As the majority states, it was the intent of Congress to
“freeze fees at the level as of November 15, 1991.” To determine
the particulars of that intent, I would restore “collected” as
the companion of “charged,” and respect the specificity of
“November 15, 1991.” A court should presume that every word has
some meaning, and avoid rendering any word nugatory. Tiger
Stadium Fan Club, Inc v Governor, 217 Mich App 439, 457; 553 NW2d
7. Accordingly, I would read “fee . . . that such State
collected or charged as of November 15, 1991” as fixing fee
levels by reference to what the state charged on, or had actually
collected by, November 15, 1991.
The statute does not refer to a “period” ending on November
15, but simply to that specific date. It does not refer only to
the fee structure in place at the specified time, but to fees
“collected or charged” at that time, identifying fees payable to
the state, or already paid to the state (for whatever the
reason), as establishing the level at which the fees are to be
frozen. The words “as of” in reference to a specific date
clearly refer to the status quo in place on that date. Thus, the
congressional intent to freeze fees at the rates “collected or
charged as of November 15, 1991” plainly recognizes for this
purpose both the rates actually charged, and those according to
which fees were actually collected, on that date.
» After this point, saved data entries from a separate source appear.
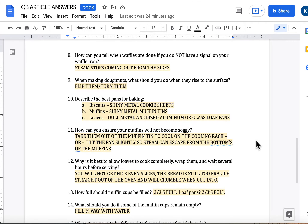Question number eight: how can you tell when waffles are done if you do not have a signal on your waffle iron? Steam stops coming out from the sides of the waffle iron. When you first put that batter in, it's going to be steam coming out left and right. But as soon as that starts slowing down and stops, your waffle's done. The more batches of waffles you do, the quicker they are going to finish cooking in the waffle irons. Watch for that slowed-down steam — it should only be coming out like a trickle. And if it's stopped completely, they're definitely done.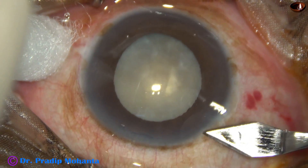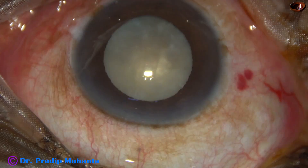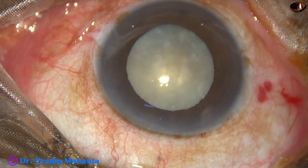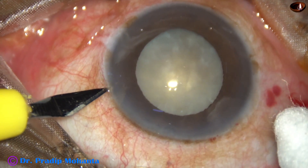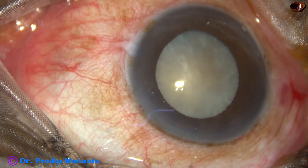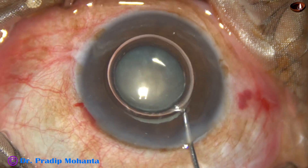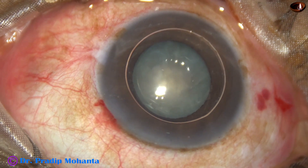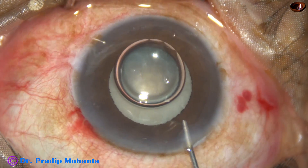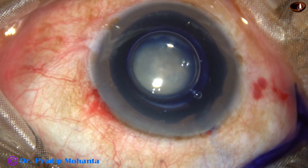This is the main incision with a 2.8 mm steel keratome. Phacoemulsification has been planned for this case. A side port is made on the left side of the main incision. An air bubble is injected to fill up the anterior chamber, and trypan blue dye is applied underneath this air bubble to stain the anterior capsule.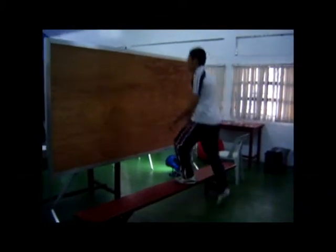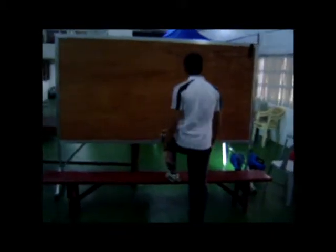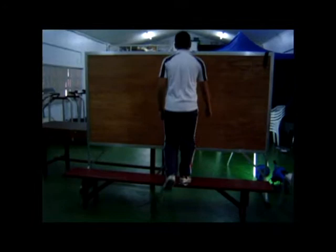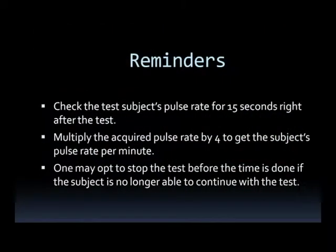And remember, each step must be done according to the beat of the metronome. Here are just a few reminders.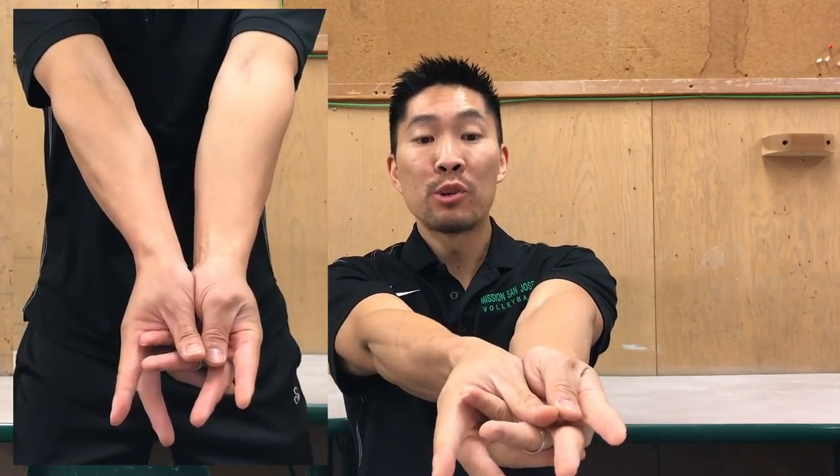I decided to grip more of my palm and the lower part of my ring and pinky finger so I could still put my hands together without putting too much pressure on my middle and ring finger.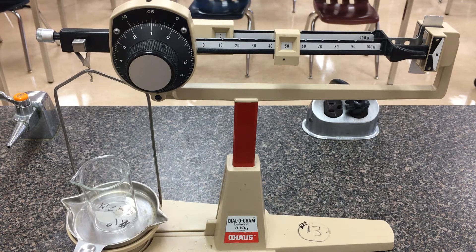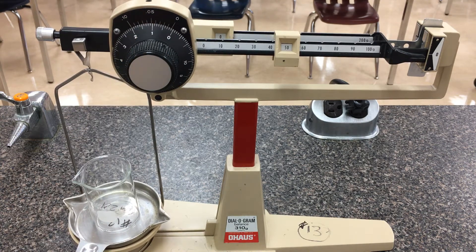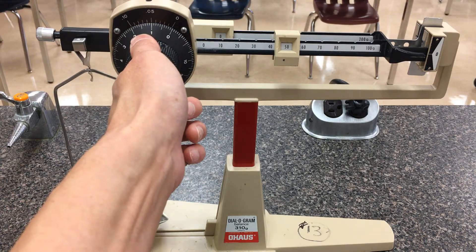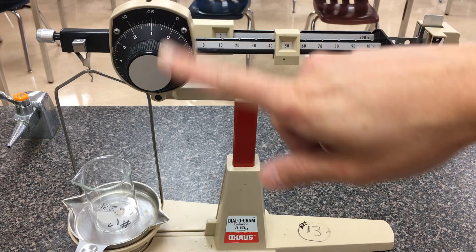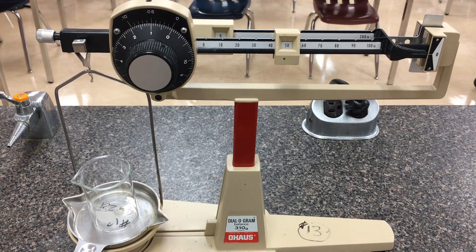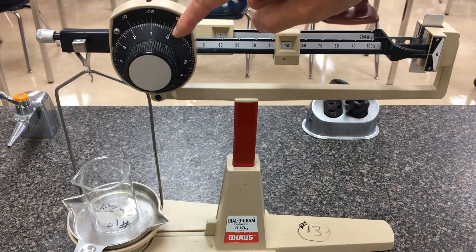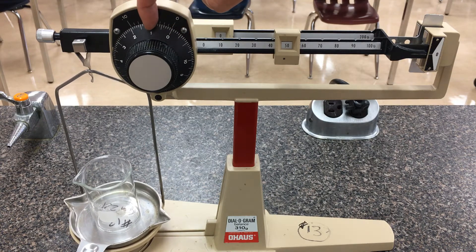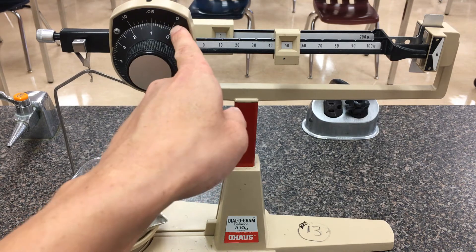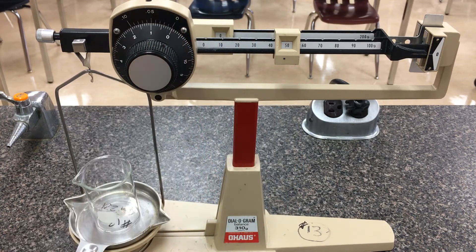We assume the scale was calibrated to begin with, then we counterbalance it. Reading the mass: from the back beam we know we're not quite 100; from the second beam we know we're at least 50. The tens position is read directly from the second beam — so it's 50. If the wheel were at zero it would be exactly 50.0; if it were at the one mark it would be 51. So we have 50, and we use the markings on the wheel itself to tell us the first decimal place. The zero mark is point zero, the next is point one, and I'm somewhere between point zero and point one, so so far we have 50.0.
Accordingly, because the state had collected plaintiff’s
fees as envisioned for the 1992 registration year “as of November
15, 1991,” 49 USC 11506(c)(2)(B)(iv)(III), by its plain terms,
allows the state to continue to assess plaintiff’s fees according
to the new scheme under which plaintiff had tendered payment by
November 15, 1991.
At stake here is the state’s interest in collecting higher
fees from plaintiff in accordance with recent changes in the
state’s regulatory scheme, and plaintiff’s interest in avoiding
those fee increases and continuing to operate under the old
scheme. Each party argues that the other stands to receive a
windfall if the other’s interpretation of the statutory language
at issue is adopted. That statutes have the effect,
intentionally or not, of benefiting some and burdening others is
not a matter of dispute, and the ISTEA is no exception. Under
any interpretation of 49 USC 11506(c)(2)(B)(iv)(III), someone
will win and someone will lose. Although the state’s reading of
the statute to cause plaintiff to have to continue to pay much
higher fees simply because plaintiff chose to pay 1992 fees
before November 15, 1991, may seem a harsh result, the result is
equally harsh if the state is obliged to forego receiving the
higher revenues to which its own laws entitle it simply because
the federal statute articulated a date of late 1991 instead of
early 1992. For these reasons, I would avoid any concern for who
benefits, or who burdens, from 49 USC 11506(c)(2)(B)(iv)(III) and
simply give effect to its plain language.
Although I express no disagreement with the reasoning of
part V of the majority opinion, I do not join in that part
because it concerns the relief to which plaintiff is entitled,
where under my reading of the statute in question plaintiff is
not entitled to any relief. I concur with parts III, IV, and VI.